I thought I was doing well to hide it :3


----------



## Enigmaticat (Dec 7, 2008)

Ive fallen asleep standing once. I woke up with someone trying to talk to me.


----------



## SnowFox (Dec 7, 2008)

Ren-Raku said:


> I thought I was doing well to hide it :3



Sorry to be the one to break it to you 

Random sleep fact: I tend to go to bed around this time.

Night everyone, I'll leave the door unlocked for anyone who wants snuggles.


----------



## Roose Hurro (Dec 7, 2008)

mrredfox said:


> when i sleep, my dreams feel real, like *i can actually feel whats happening* o.o



All the time for me, perfectly normal.  Makes it quite a bit uncomfortable when I'm shot or stabbed or otherwise injured/killed.  Like the time I dreamt I was a soldier in WWII, and had my left leg taken down by machingun fire....




Nargle said:


> I suppose I have a few sleeping quirks:
> 
> -I can purposely induce lucid dreaming
> -I have trouble sleeping in the dark, so I always have light, and sunlight is the best at helping me fall asleep
> ...



Last night I dreamt I was at my uncles old place, when he lived on ten acres out in the country... I ate what was left in the bottom of a container of ice cream.  Looked and tasted like strawberry....




SnowFox said:


> I think I know what you mean, I've had similar things happen. Oh and that reminds me...
> 
> It hasn't happened for a couple of years now but it happened on and off for quite a long time. As I'm falling asleep, just at the moment I'm almost fully unconscious I would suddenly realize I was asleep and become "aware" again but be completely paralyzed. I could hear my pulse really loud and any attempt to move a muscle, or open my eyes or anything would just make it get louder and louder and cause agonizing pain in my whole body, which would cause me to tense up even more making it worse. A few times I honestly felt like I was going to die from something bursting in my head. It was really terrifying, and it randomly stopped happening just as randomly as it started



Sounds like Night Terrors, to me....




mrredfox said:


> its wierd, i dont understand how poeple can not dream o.o





Zoopedia said:


> I have a dream about once every few months. Well actually EVERYBODY has many dreams every night.
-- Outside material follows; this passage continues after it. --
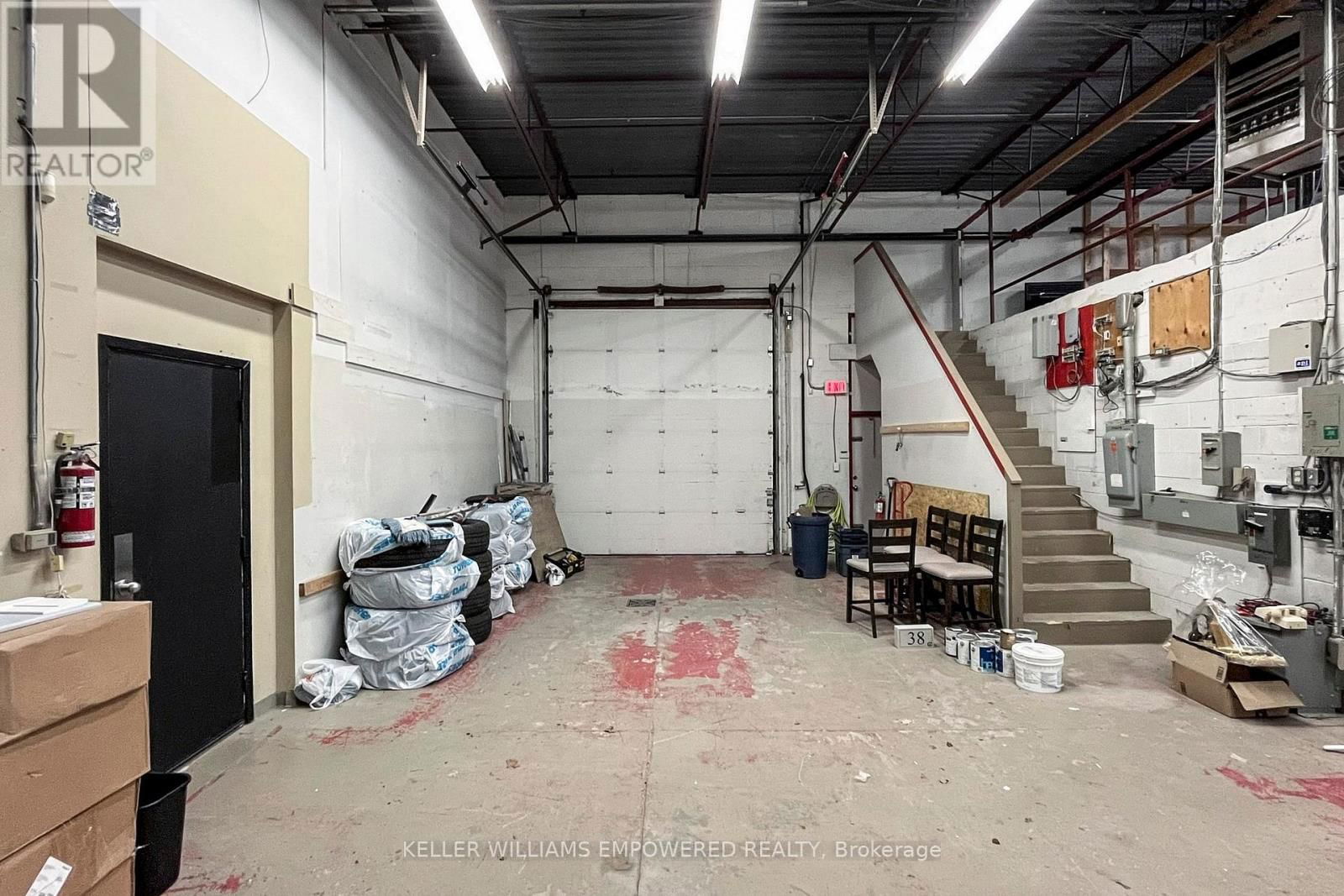 7 & 8 - 60 MARYCROFT AVENUE Image 39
Just how many you remember varies between people.



Yes, everyone dreams.  Some people simply don't remember them.  This is actually a natural mechanism, as some people have noted vivid dreams so real, they think what happened in the dream was real.  Forgetting dreams, or dream memories fading with time, once you wake, are a natural mechanism to prevent vivid dream memories from being confused with real memories.  Some people are just subject to this mechanism more than others.


----------



## Ren-Raku (Dec 7, 2008)

SnowFox said:


> Sorry to be the one to break it to you
> 
> Random sleep fact: I tend to go to bed around this time.
> 
> Night everyone, I'll leave the door unlocked for anyone who wants snuggles.
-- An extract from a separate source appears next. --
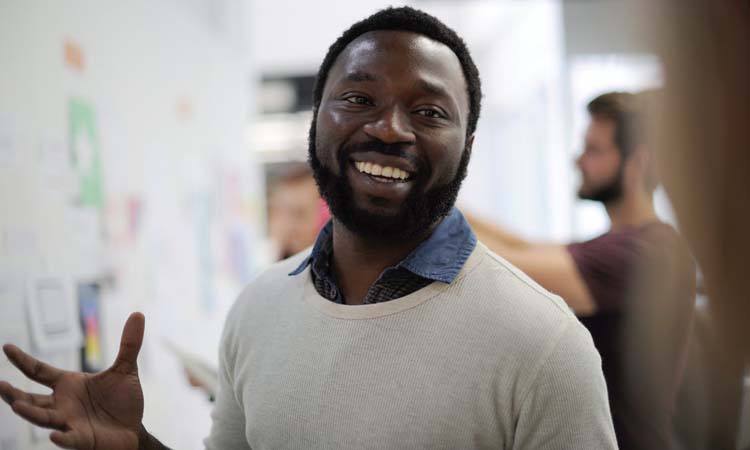 下属单位犯错大领导公开批评,下属犯错如何对待下属并面对上司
Teehee, I prefer for the person I like to know I like them, so it's all good. G'night Snowy xxx <3


----------



## Ren-Raku (Dec 7, 2008)

As a matter of fact, I think I may follow Snowy in getting some shut eye. G'night FAF! *snuggles Snowy*


----------



## Corto (Dec 7, 2008)

*FUN FACT 1! *Once I had a dream where I was a POW and was tortured for hours. It was the most horrible nightmare I've ever had, and I haven't slept ever since.
*
FUN FACT 2!* This happened last night.


----------



## KittenAdmin (Dec 7, 2008)

Ren-Raku said:


> As a matter of fact, I think I may follow Snowy in getting some shut eye. G'night FAF! *snuggles Snowy*



God you two are so adorable :3


----------



## Ren-Raku (Dec 7, 2008)

You probably enjoyed that dream though. I know I would've.


----------



## Ren-Raku (Dec 7, 2008)

KittenAdmin said:


> God you two are so adorable :3



:3 I guess you could say that, I adore him...I know I said I'd sleep, but FAF seems more important.


----------



## KittenAdmin (Dec 7, 2008)

Ren-Raku said:


> :3 I guess you could say that, I adore him...I know I said I'd sleep, but FAF seems more important.



Go for it. :3


----------



## Ren-Raku (Dec 7, 2008)

Hmmm, looking at my post, I don't think I can really classify myself as adoring HIM, since we've not met. Doesn't stop me hoping :3


----------



## Ashyen (Dec 9, 2008)

Apparently, sometimes I kick in my sleep...


----------



## pheonix (Dec 9, 2008)

I make noises in my sleep and I'm a light sleeper.


----------



## mrredfox (Dec 9, 2008)

Roose Hurro said:


> All the time for me, perfectly normal.  Makes it quite a bit uncomfortable when I'm shot or stabbed or otherwise injured/killed.  Like the time I dreamt I was a soldier in WWII, and had my left leg taken down by machingun fire....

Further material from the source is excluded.